Kalau itu tidak ditegakkan, yang menjadi korban adalah nelayan.
Dahri juga membuka peluang adanya kerja sama yang berkelanjutan dalam bentuk kajian perikanan berkelanjutan serta penelitian dampak regulasi yang ada, seperti WPP, terhadap hasil tangkapan perikanan di Bitung. Namun, Dahri juga merekomendasikan agar satuan Pengamanan Sumber Daya Kelautan dan Perikanan (PSDKP) di Bitung lebih aktif berpatroli.
Menurut dia, kekurangan bahan baku di Bitung dapat disebabkan oleh kurangnya penegakan hukum terhadap pengambilan ikan secara ilegal, tak terlapor, dan tak terikat aturan (IUUF). ”Kalau itu tidak ditegakkan, yang menjadi korban adalah nelayan,” ujar Dahri.

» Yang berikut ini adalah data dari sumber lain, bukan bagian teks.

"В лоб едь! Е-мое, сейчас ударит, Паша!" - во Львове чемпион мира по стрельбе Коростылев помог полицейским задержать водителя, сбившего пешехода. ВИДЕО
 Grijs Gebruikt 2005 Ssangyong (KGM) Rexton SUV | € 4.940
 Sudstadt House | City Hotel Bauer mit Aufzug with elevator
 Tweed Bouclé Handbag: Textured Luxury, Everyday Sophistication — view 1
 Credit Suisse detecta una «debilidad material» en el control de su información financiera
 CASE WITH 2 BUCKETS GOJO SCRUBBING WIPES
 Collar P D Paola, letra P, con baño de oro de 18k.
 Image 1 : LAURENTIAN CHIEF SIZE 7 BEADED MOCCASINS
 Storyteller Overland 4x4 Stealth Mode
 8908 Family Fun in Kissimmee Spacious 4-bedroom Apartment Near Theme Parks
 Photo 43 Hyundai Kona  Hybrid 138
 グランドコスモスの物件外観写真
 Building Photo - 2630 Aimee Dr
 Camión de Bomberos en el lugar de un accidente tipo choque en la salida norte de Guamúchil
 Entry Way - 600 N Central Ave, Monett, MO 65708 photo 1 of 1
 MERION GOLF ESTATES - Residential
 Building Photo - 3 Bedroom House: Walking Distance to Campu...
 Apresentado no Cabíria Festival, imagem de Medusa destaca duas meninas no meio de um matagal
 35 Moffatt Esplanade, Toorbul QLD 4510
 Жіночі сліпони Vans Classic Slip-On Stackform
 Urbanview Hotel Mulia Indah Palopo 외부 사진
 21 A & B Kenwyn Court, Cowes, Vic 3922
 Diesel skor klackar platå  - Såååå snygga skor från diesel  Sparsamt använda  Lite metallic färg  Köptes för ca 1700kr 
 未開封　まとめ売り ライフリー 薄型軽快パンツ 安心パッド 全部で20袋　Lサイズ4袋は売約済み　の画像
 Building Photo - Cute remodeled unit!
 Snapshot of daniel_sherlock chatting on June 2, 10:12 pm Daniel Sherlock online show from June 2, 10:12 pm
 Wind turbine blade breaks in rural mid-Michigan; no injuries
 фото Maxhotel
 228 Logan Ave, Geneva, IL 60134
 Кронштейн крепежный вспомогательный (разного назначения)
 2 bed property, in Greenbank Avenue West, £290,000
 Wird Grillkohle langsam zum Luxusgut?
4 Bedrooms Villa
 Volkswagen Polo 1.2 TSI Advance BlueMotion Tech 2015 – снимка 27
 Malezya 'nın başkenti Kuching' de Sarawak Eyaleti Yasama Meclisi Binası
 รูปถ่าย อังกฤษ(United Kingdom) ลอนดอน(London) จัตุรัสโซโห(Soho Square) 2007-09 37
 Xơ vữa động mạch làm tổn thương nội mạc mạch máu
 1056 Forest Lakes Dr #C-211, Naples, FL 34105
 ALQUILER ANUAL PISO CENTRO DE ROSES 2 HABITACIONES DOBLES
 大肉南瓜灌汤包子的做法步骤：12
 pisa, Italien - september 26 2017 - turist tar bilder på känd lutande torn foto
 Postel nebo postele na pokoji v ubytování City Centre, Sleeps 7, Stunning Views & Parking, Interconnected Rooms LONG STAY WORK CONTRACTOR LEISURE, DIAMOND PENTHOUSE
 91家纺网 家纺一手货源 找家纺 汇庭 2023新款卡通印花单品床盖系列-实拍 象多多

Selama 2021, PSDKP tercatat menangkap enam kapal Filipina dan tujuh kapal Indonesia pelaku IUUF di WPP 716 yang terletak di utara Pulau Sulawesi hingga zona ekonomi eksklusif yang berbatasan dengan Filipina. Adapun di WPP 717, hanya dua kapal yang ditangkap tanpa keterangan asing atau lokal.
Bagi Frangky, hal-hal seperti ini sesungguhnya bukanlah kewenangan Pemkot Bitung, melainkan pemprov dan pemerintah pusat. Dibutuhkan kerja sama untuk mengatasi problem perikanan tangkap dan pengolahannya. ”Sebab, industri ini punya efek pengganda untuk pekerja, UMKM, kuliner, sampai akomodasi,” ujarnya.
Akhir November lalu, KKP menyatakan akan menetapkan enam zona dalam upaya penangkapan ikan terukur, yaitu Natuna (Zona 1); Bitung-Biak (Zona 2); Laut Arafura, Banda, dan Aru (Zona 3); Samudra Hindia (Zona 4); Selat Malaka (Zona 5); serta Laut Jawa dan Kalimantan (Zona 6). Hal ini merupakan implementasi dari program Ekonomi Biru 2022.
Zona 2 yang diisi Bitung dan Biak Numfor ditetapkan sebagai zona industri karena sumber dayanya yang melimpah. Pemkot Bitung pun kini menanti realisasinya.